A wack, that's what he was. Nice guy, but sorta screwy. He kept saying more goofy things while he was finishing up the machine, about how he'd figured out that all we knew about vision and drawing and so on must be wrong, and that once he got a look at the real world he'd prove it.

"How about cameras?" I asked him. "Take a picture with a camera and it looks just about the same as a drawing, don't it?"

"That's because cameras are built to take pictures like we're used to seeing them," he said. "Flat, two-dimensional slices of reality, without depth or motion."

"Even 3-D moving pictures?" I asked.

"They're closer to reality," he admitted. "But they are still only cross sections of it. The shutter of a movie camera is closed as much of the time as it is open. What happens in between the times it's open?

"You know," he went on, "people used to think matter and motion were continuous, but scientists have proved that they are discontinuous. Now some of them think time may be, too. Maybe everything is just imaginary, and appears to our senses in whatever way we want it to appear. We are so well-trained that we see everything just as we are taught to see it by generations of artists, writers, and other symbol-makers. If we could see things as they really are, what might happen?"

"We'd probably all go nuts!" I told him. He just smiled.

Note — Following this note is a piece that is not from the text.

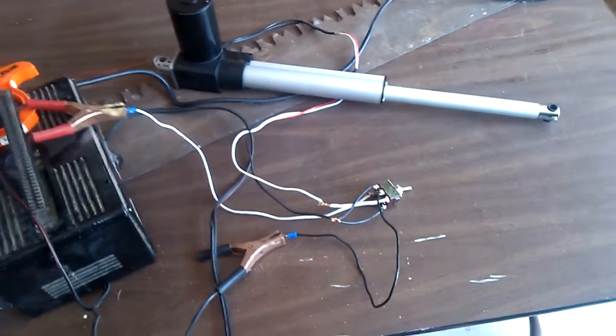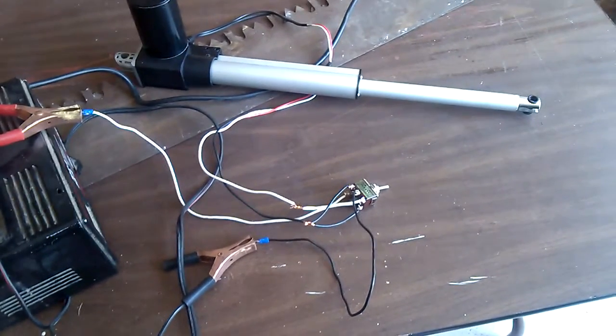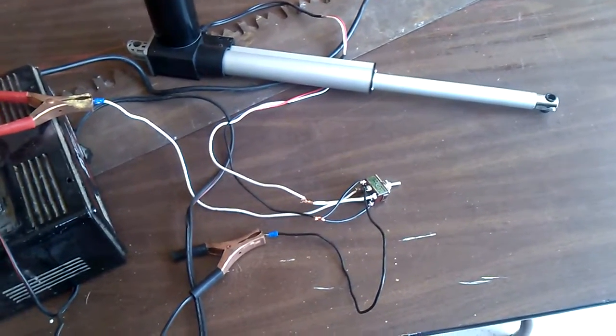This is how you would wire a double throw, double pull switch to an actuator. Saves you the cost of having to buy relays.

"Well, here goes," he said. "It's finished. Now to find out who is right, the scientists and philosophers who say reality is forever unreachable, or the artists who say there isn't any reality—that we make the whole thing up to suit ourselves."

He moved one of those pointers you see there, and squinted around at the different scales and dials, and then stepped back. That little tessy-thing appeared, real small at first. Just a point; you could hardly see it. I couldn't see anything else happening, and thought he was gonna do somepin' else to the machine. I turned to look at Carter, and saw his face was white as a sheet.